What is required: In this exercise, every entry is to be transcribed exactly as written.

·····

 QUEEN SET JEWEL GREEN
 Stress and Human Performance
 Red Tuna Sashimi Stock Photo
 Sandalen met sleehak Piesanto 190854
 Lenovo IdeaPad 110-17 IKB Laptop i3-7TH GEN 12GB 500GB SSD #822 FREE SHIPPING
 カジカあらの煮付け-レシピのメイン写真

·····

Output:
 QUEEN SET JEWEL GREEN
 Stress and Human Performance
 Red Tuna Sashimi Stock Photo
 Sandalen met sleehak Piesanto 190854
 Lenovo IdeaPad 110-17 IKB Laptop i3-7TH GEN 12GB 500GB SSD #822 FREE SHIPPING
 カジカあらの煮付け-レシピのメイン写真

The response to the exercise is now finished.